(Image-text web data)
*** Begin section ***

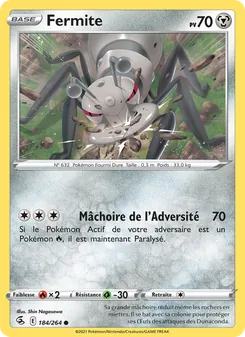 Carte Fermite de l'extension Poing de Fusion, numéro 184/264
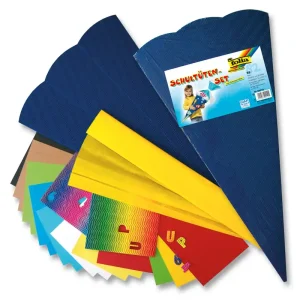 Schultütensets, 12 Stück sortiert Aktuell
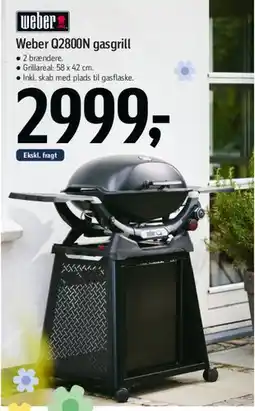 Føtex Weber Q2800N gasgrill tilbud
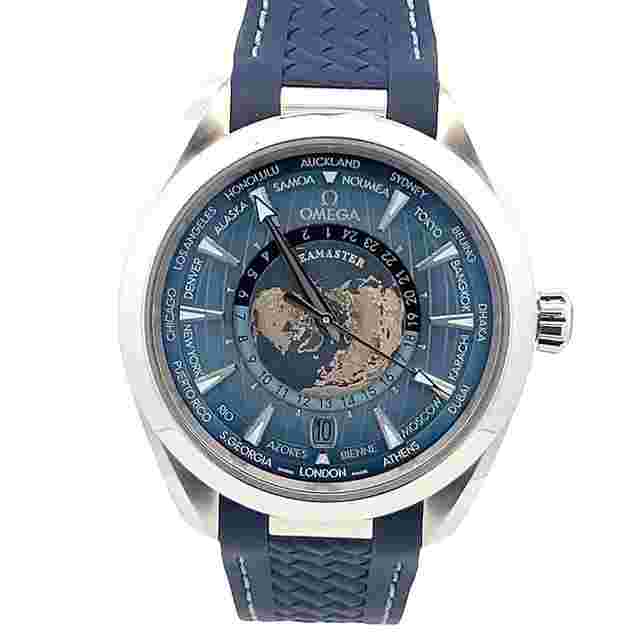 Omega Seamaster Aqua Terra Worldtimer
                           
                                 World Time GMT Automatic Chronometer Summer Blue Watch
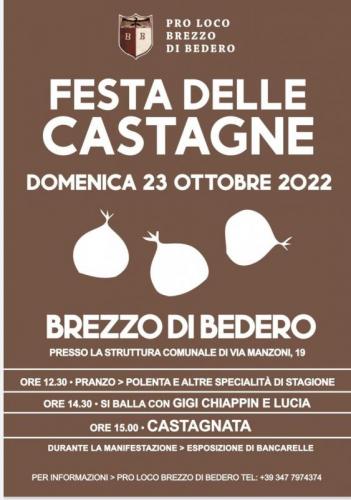 Festa Delle Castagne A Brezza Di Bedero - Brezzo Di Bedero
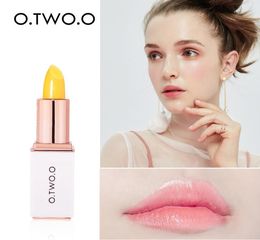 OTWOO Temperature Change Colour Lip Balm Pink Hygienic Moisturising Nutritious Jelly Lipstick Anti Ageing Makeup Lips Care lipglos1110228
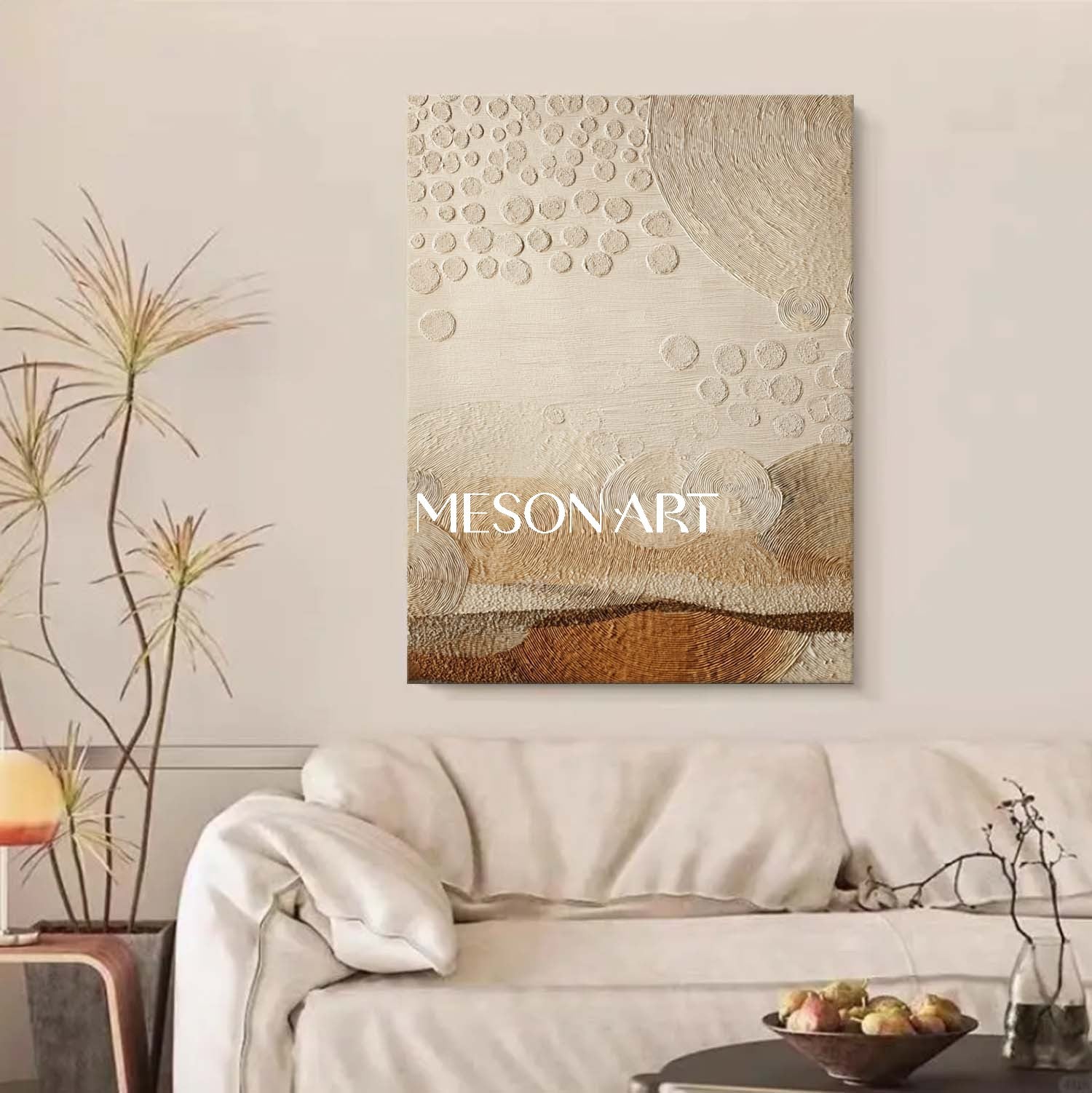 Multicolor Boho Painting – Unique Accent Art for Hallways & Entryways
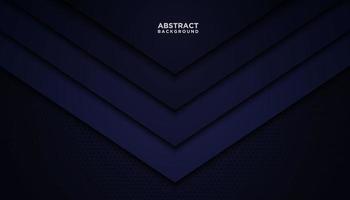 Dark Blue Abstract Triangle Layers Background vector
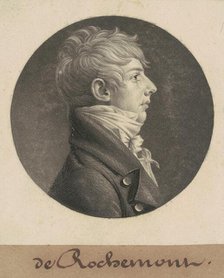 de Rochemont, 1805. Creator: Charles Balthazar Julien Févret de Saint-Mémin.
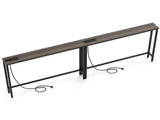 2Pcs 78.74"x5.91"x31.10" Console Table, MDF with Melamine Veneer & Iron Frame, with Power Outlet, 66330565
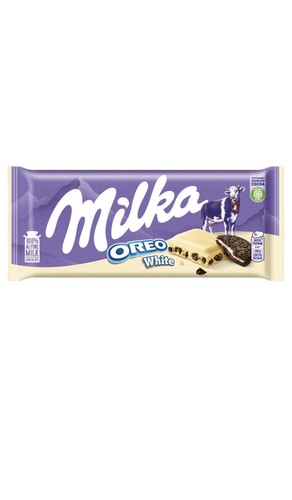 Milka oreo white 100g - milka,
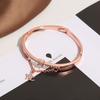 New Internet Celebrity Student Fashion Korean Version Five-pointed Star Diamond Bracelet Fashion Bracelet European and American Crystal Jewelry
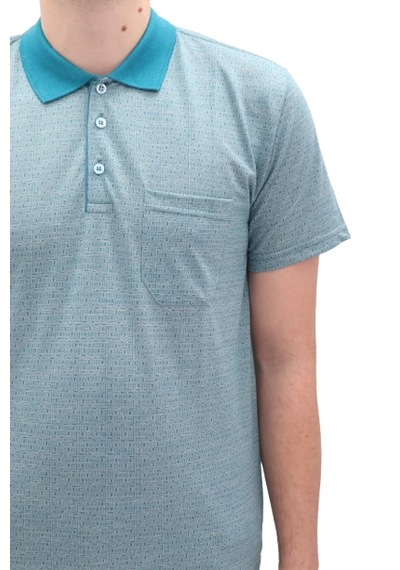 Santa Dmctekstil Erkek Jakarlı Desenli Klasik Kesim Rahat Kalıp Tek Cepli Polo Yaka T-shirt Turkuaz Santa Dmctekstil Erkek Jakarlı Desenli Klasik Kesim Rahat Kalıp Tek Cepli Polo Yaka T-shirt Turkuaz
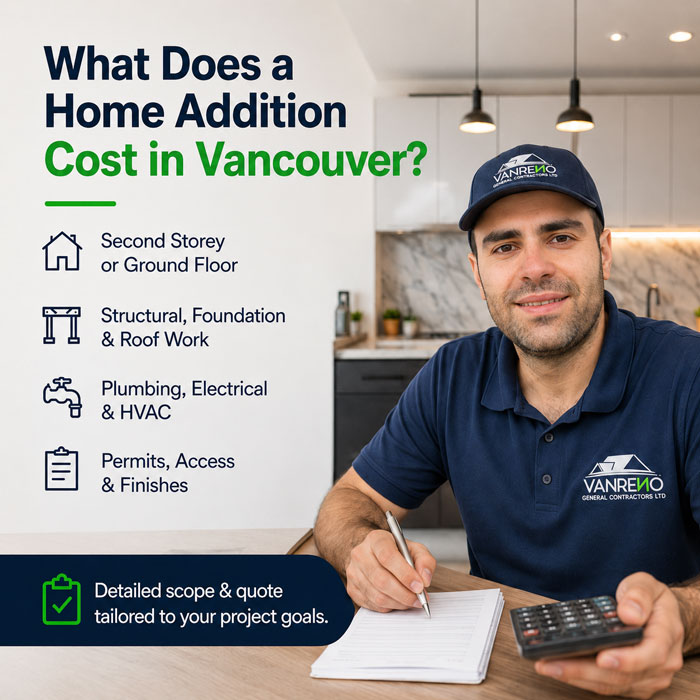 What Does a Home Addition Cost in Vancouver?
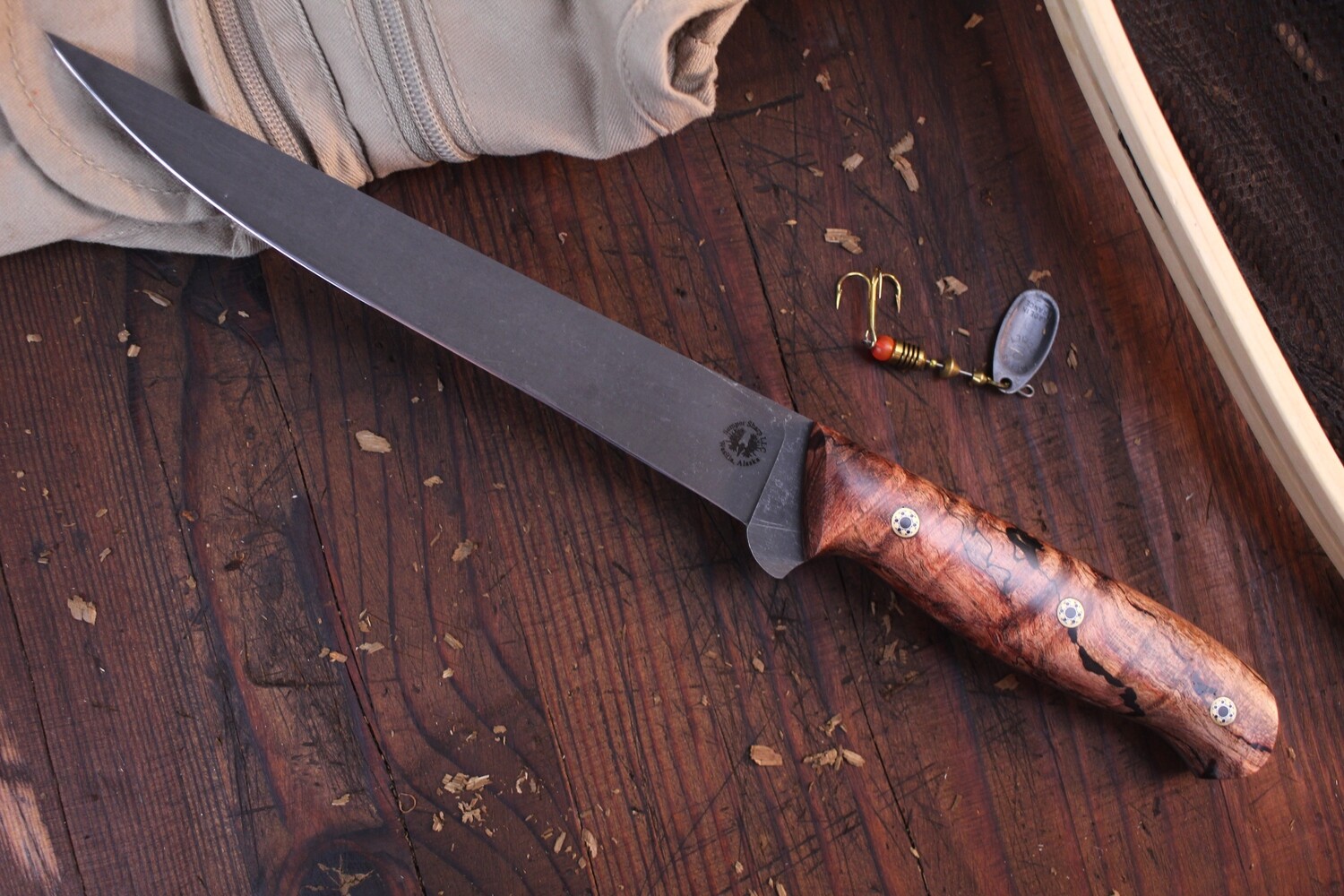 Semper Sharp Northern Knives Exclusive 7.25" Fillet / Spalted Maple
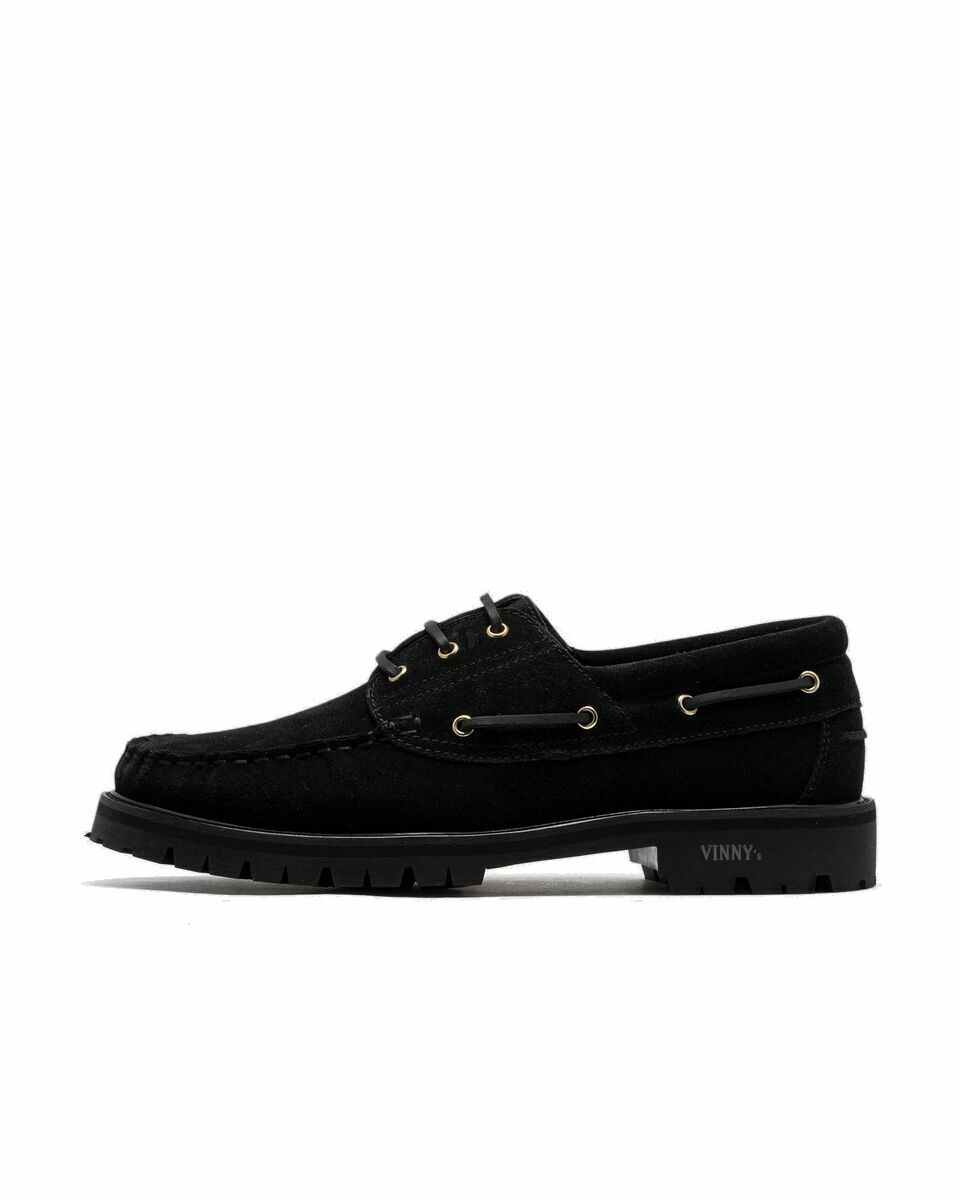 Photo: Vinny´S Aztec Boat Shoe Black - Mens - Casual Shoes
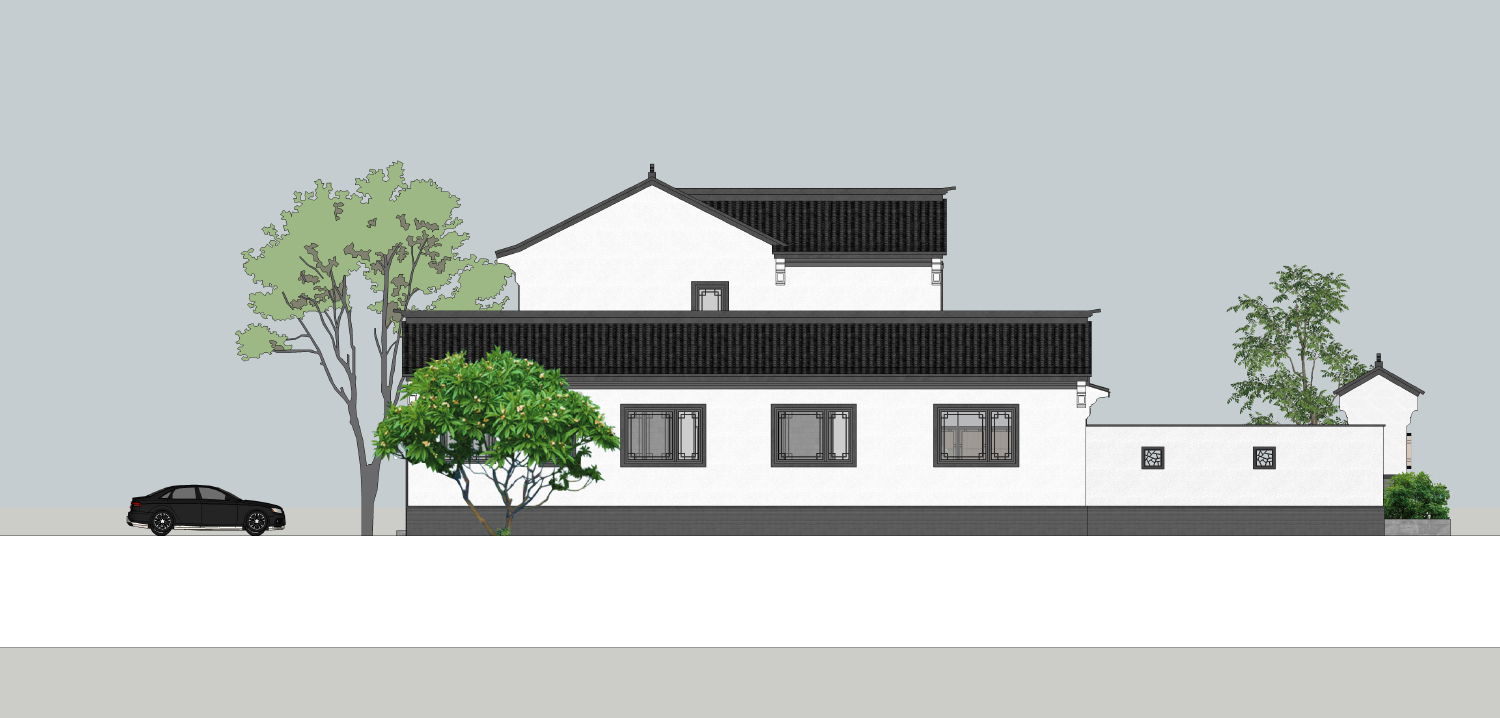 湖南长沙杨家新中式别墅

*** End section ***

**What is being asked**
Each line above that falls between the line with "Milka oreo white" and the line with "Semper Sharp Northern" should be printed exactly, together with those two lines, but the pictures should not.

**Task solution**
 Milka oreo white 100g - milka,
 New Internet Celebrity Student Fashion Korean Version Five-pointed Star Diamond Bracelet Fashion Bracelet European and American Crystal Jewelry
 Santa Dmctekstil Erkek Jakarlı Desenli Klasik Kesim Rahat Kalıp Tek Cepli Polo Yaka T-shirt Turkuaz Santa Dmctekstil Erkek Jakarlı Desenli Klasik Kesim Rahat Kalıp Tek Cepli Polo Yaka T-shirt Turkuaz
 What Does a Home Addition Cost in Vancouver?
 Semper Sharp Northern Knives Exclusive 7.25" Fillet / Spalted Maple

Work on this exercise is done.